As hydrotropic agents, formamide, acetamide, calcium chloride, thiocyanates, sulfonic acids, and carboxylic acids of aromatic and aliphatic compounds, and, further, surface-active substances are mentioned [cf. H. Rath et al., in Melliands Textilber. 43 (7), 718 (1962)], particularly, however, urea. Urea is advantageously used in concentrations from 0.1 to 5 percent, preferably 0.1 to 2 percent, by weight of the raw goods (salt weight).
Adjustment into the alkaline pH region, suitably into the pH region from 11 to 13, and preferably from 11.5 to 12.5, can be carried out in the usual way, for example by the addition of alkalis such as sodium hydroxide or potassium hydroxide, or sodium or potassium carbonate.
The subsequent enzymatic method step can, for example, be carried out at room temperature or at elevated temperatures, with the reaction times being suitably conformed therewith.

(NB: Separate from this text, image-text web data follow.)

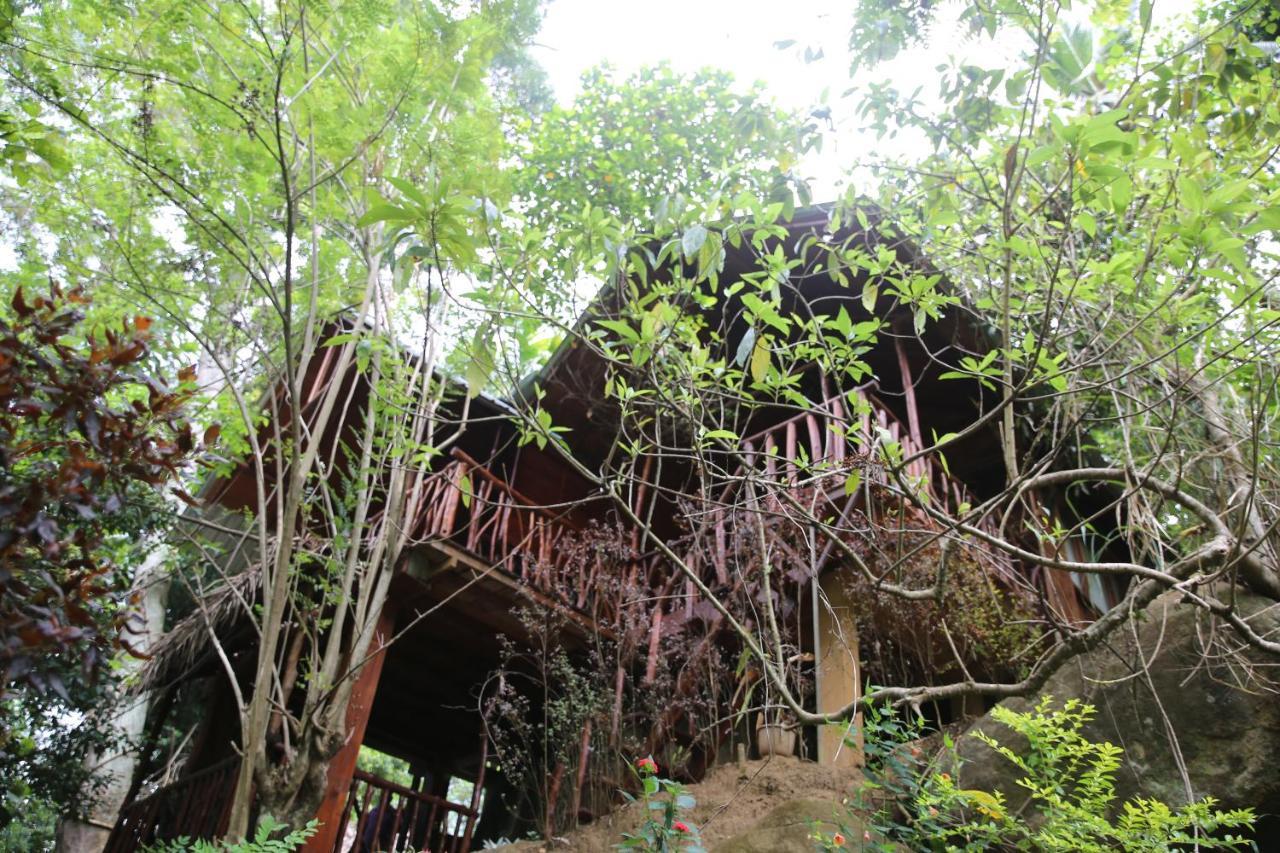 Jungle Face Inn Ella Exterior photo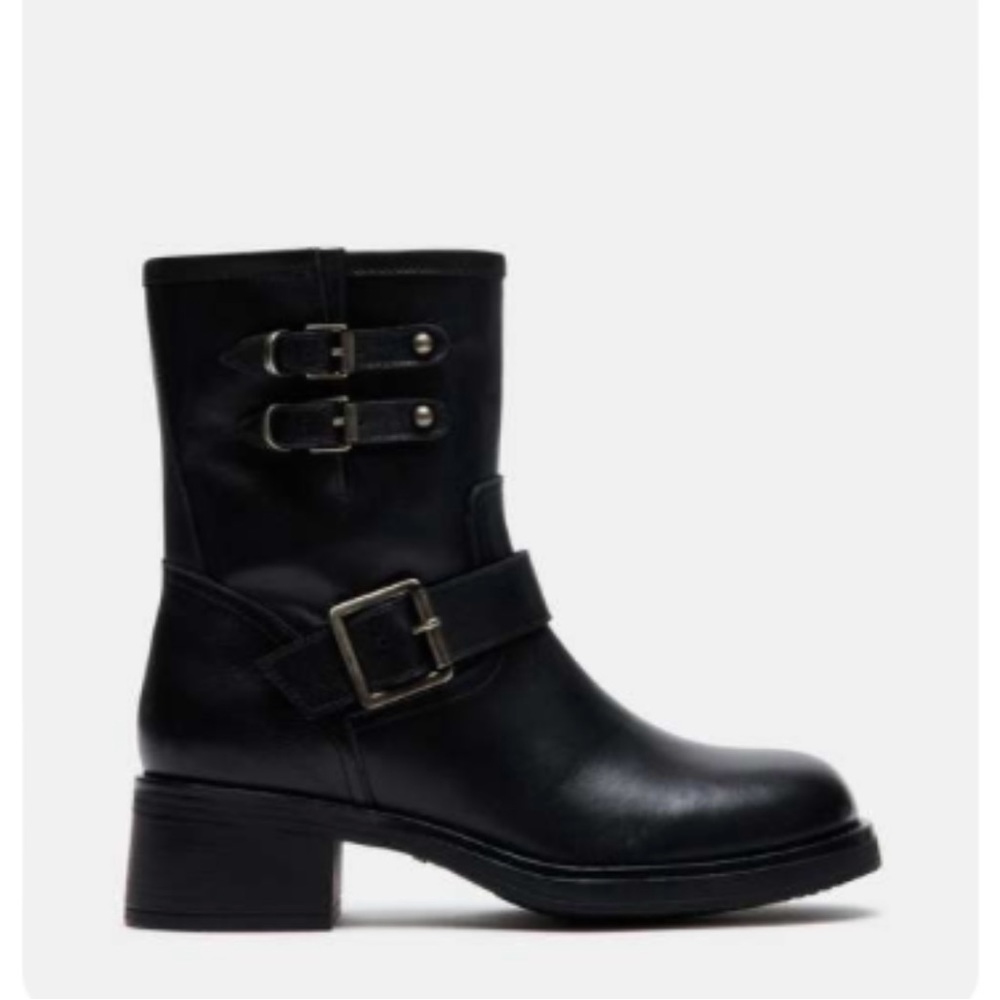 Steve Madden NWT Archie Black Leather Boots w Silver Buckle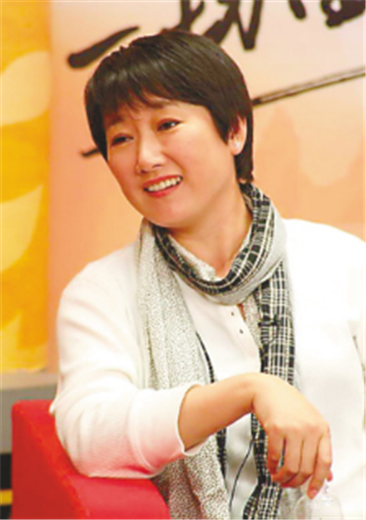 揭秘69岁王刚的三任妻子，漂亮、名气、背景他全齐了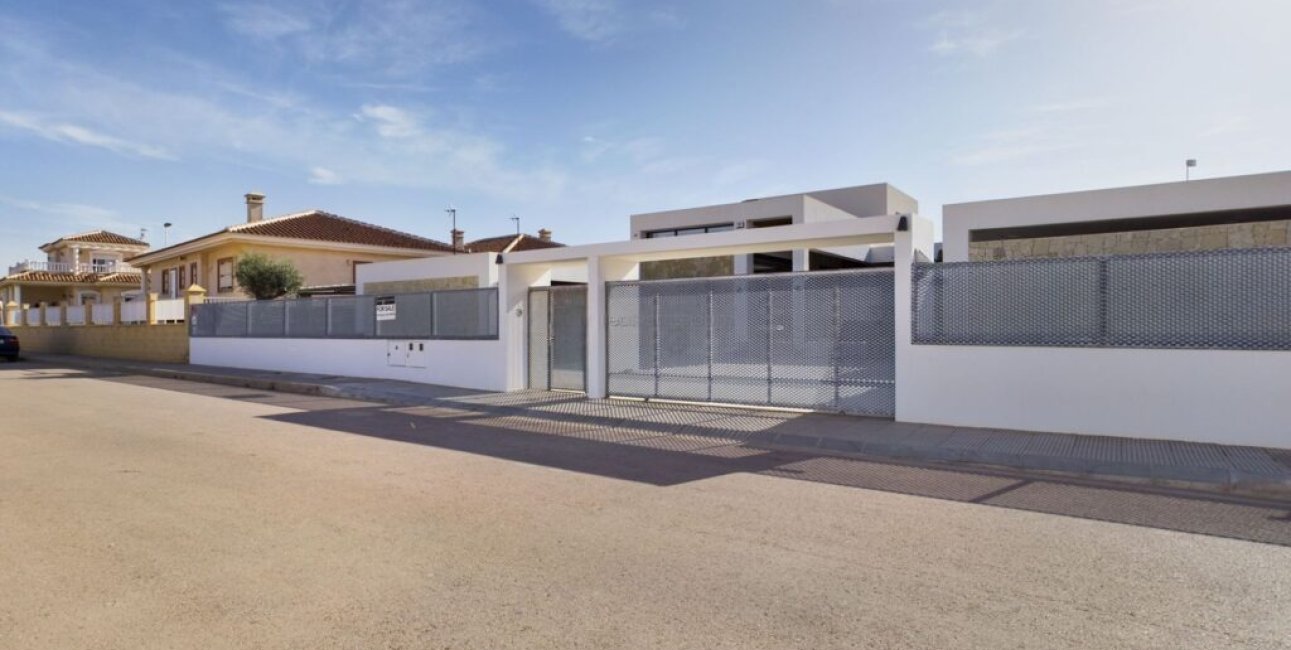 Resale - Villa -
Los Alcázares - Serena Golf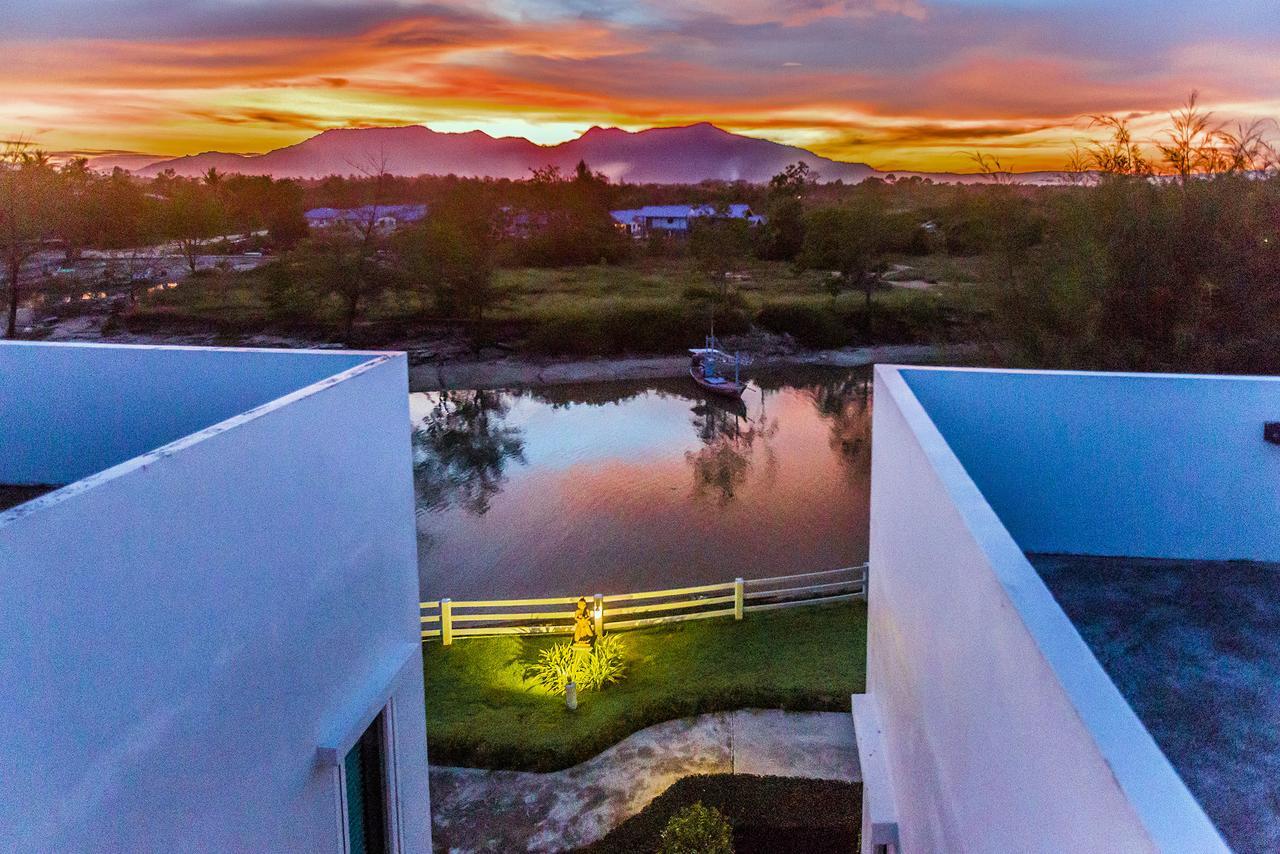 Absolute Beachfront Villa Ban Huai Yang Eksteriør billede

In general, the enzymatic step is carried out between 18° C. and 28° C., in which case the reaction times in general are between 12 hours and 36 hours, and predominantly between 16 and 24 hours.
As enzymes, those enzymes which are effective in the aforementioned alkaline pH region are used, and are essentially proteases having a pH optimum and a corresponding stability in the alkaline pH region. The proteases which can be used with advantage according to the invention preferably have their pH optimum above a pH value of 9, essentially in the pH region between 9 and 12.
The serine proteases are particularly suitable for the method according to the present invention, i.e. that group of animal and bacterial endopeptidases having a catalytically active serine residue in the active center [cf. Lexikon Biochemie, Verlag Chemie, pages 512-513, Weinheim, Germany, 1976], and particularly the serine proteases of bacterial origin, but also thiol proteases. Above all, the proteases from Bacillus types, such as B. subtilis, B. licheniformis, B. firmus, B. alcalophilus, B. polymixa, and B. mesenthericus should be mentioned. In general, one can start from an enzyme activity which is between 8,000 and 10,000 Loehlein-Volhard-units (LVU) per gram of enzyme.
In general, the proteases that are effective in the alkaline region are used in the process according to the present invention in amounts which are from 0.1 to 10 percent, preferably from 1 to 5 percent, by weight of the salted hides and skins (raw weight).
In carrying out the process of the present invention, one can proceed in detail as follows:
The process of the present invention not only leads to dehaired pelts of high quality, but it also permits the recovery of hair in an optimum condition. The method is just as economic as it is environmentally felicitous. It can be used as a compact method in which the number of individual technological steps and therewith expenditures for apparatus and the need for space and particularly for time can be reduced to a minimum.
Additives know per se for enzymatic reactions can be used in the method according to the present invention, inter alia materials such as activators and stabilizers. The proteolytic efficacy of enzymes is commonly determined according to the Anson hemoglobin method [M. L. Anson, J. Gen. Physiol. 22, 79 (1939)] or according to the Loehlein-Volhard method ["Die Loehlein-Volhard'sche Methode zur Bestimmung der proteolytischen Aktivitaet", Gerbereichem. Taschenbuch, Dresden-Leipzig, (1955)] and expressed in "LVU" (Loehlein-Volhard-units). One LVU is that amount of enzyme which, under the specific conditions of the method, digests 1.725 mg of casein.
A better understanding of the method and of its many advantages will be had by referring to the following specific examples, given by way of illustration. The percentages refer to the salt weight of the hides.
100 kg of black variegated salted cow hides are washed for two hours in a vat with 150% by weight of water (30° C. entry temperature) and the bath is then discarded.
Next, in order to loosen hair and open up the hide structure, the hides are treated for two hours with 150% of water (26° C. entry temperature) and 0.2% of thioglycolic acid (85% technical). At the beginning, the hides are turned for 30 minutes at 4 revolutions per minute. The hides are now permitted to stand for 1 hour and then are again agitated for 30 minutes. The pH value of the bath is 5.4.
Subsequently, 1.0 percent of an alkaline bacterial proteinase from B. subtilis (9,000 LVU), 2.0 percent of an alkaline bacterial proteinase from B. Licheniformis (9,000 LVU), and 2.0% of caustic soda, (previously dissolved 1:5 in cold water) are added and the mixture is agitated for one hour. After this time, the pH value is 13.4.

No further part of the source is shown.